The output consists only of the lines from the one with "chains. This determines" through the end of the records, each printed exactly, and contains no pictures.
*** Opening of RECORDS SUPPLIED ***
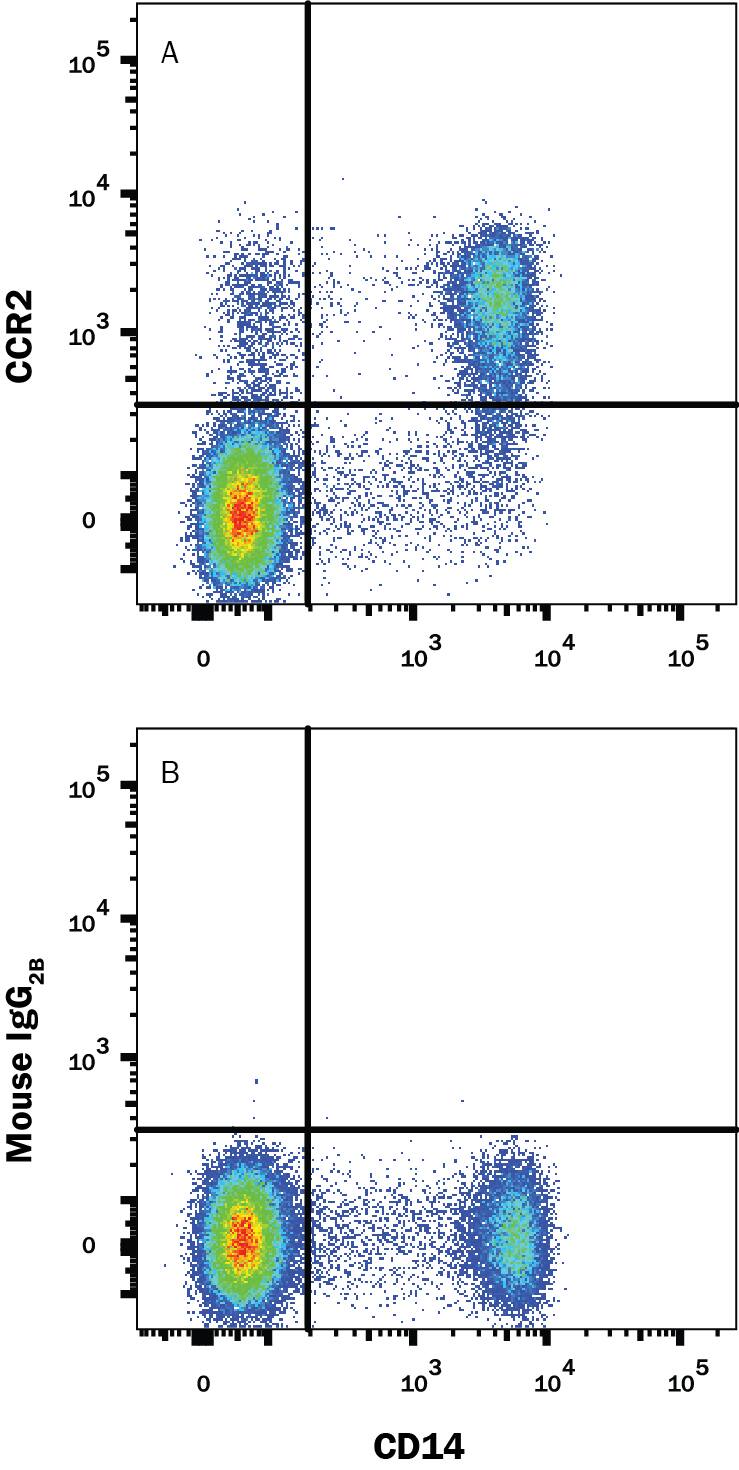 Human peripheral blood mononuclear cells (PBMCs) were stained with Mouse Anti-Human CD14 Fluorescein-conjugated Monoclonal Antibody (Catalog # FAB3832F) and either (A) Mouse Anti-Human CCR2 Biotinylated Monoclonal Antibody (Catalog # FAB151B) or (B) Mouse IgG2BBiotinylated Isotype Control (Catalog # IC0041B). View our protocol for Staining Membrane-associated Proteins.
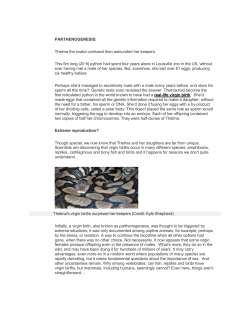 PARTHENOGENESIS: Thelma the snake confused then astounded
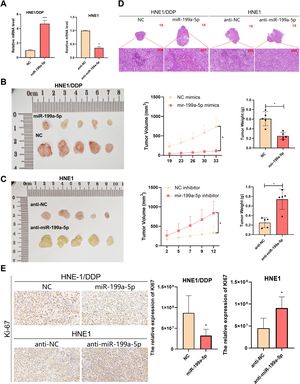 In vivo experiments confirmed the effect of miR-199a-5p on NPC. (A) Detection of lentivirus transfection efficiency in NPC cells. (B and C) Effect of miR-199a-5p on subcutaneous xenograft tumor in nude mice. (D) The tumors in nude mice were stained with H&E staining. (E) The expression of Ki-67 was detected by IHC. Data are means ± SD, * p < 0.05.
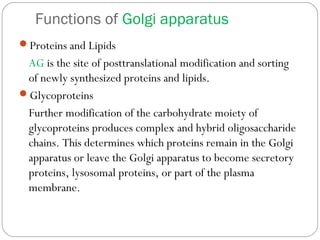 Functions of Golgi apparatus
Proteins and Lipids

AG is the site of posttranslational modification and sorting
of newly synthesized proteins and lipids.
Glycoproteins
Further modification of the carbohydrate moiety of
glycoproteins produces complex and hybrid oligosaccharide
chains. This determines which proteins remain in the Golgi
apparatus or leave the Golgi apparatus to become secretory
proteins, lysosomal proteins, or part of the plasma
membrane.

 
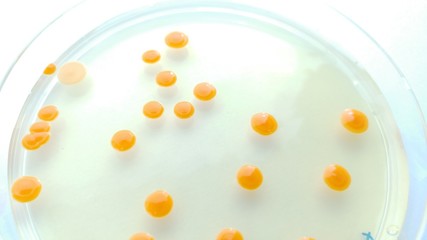 Bacteria Colony Microbiology Laboratory Orange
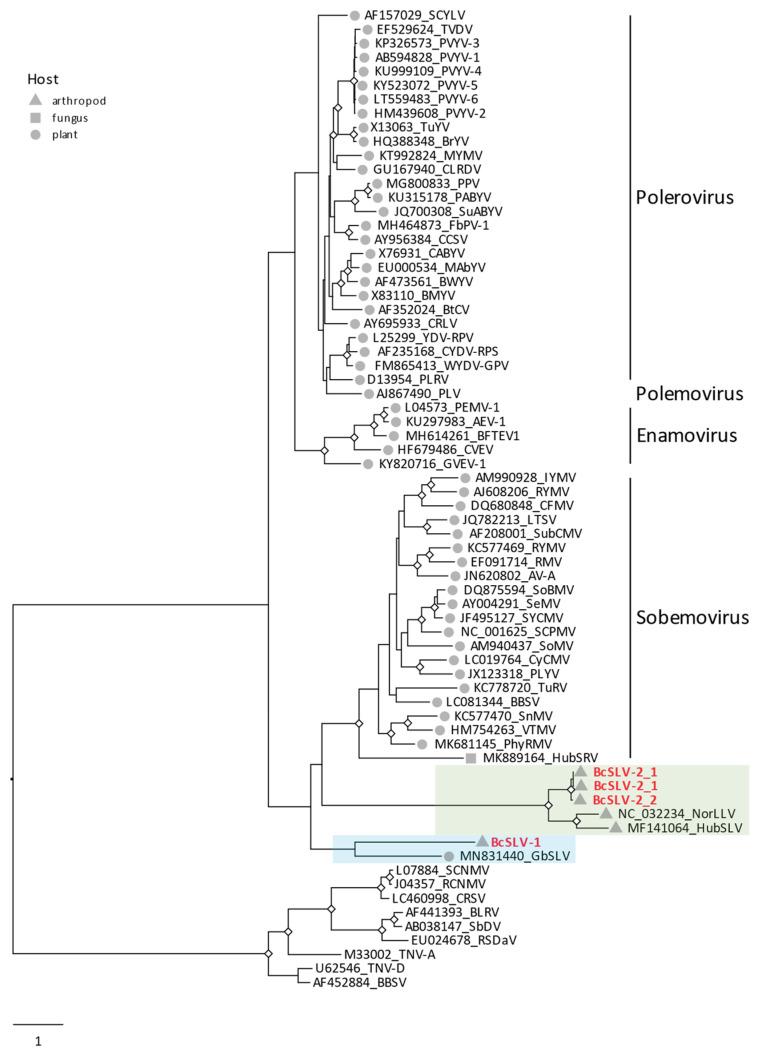 https://cdn.ncbi.nlm.nih.gov/pmc/blobs/66cb/10975263/e6c312902511/viruses-16-00415-g004.jpg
*** Close of RECORDS SUPPLIED ***
**REPLY:**
chains. This determines which proteins remain in the Golgi
apparatus or leave the Golgi apparatus to become secretory
proteins, lysosomal proteins, or part of the plasma
membrane.

 
 Bacteria Colony Microbiology Laboratory Orange
 https://cdn.ncbi.nlm.nih.gov/pmc/blobs/66cb/10975263/e6c312902511/viruses-16-00415-g004.jpg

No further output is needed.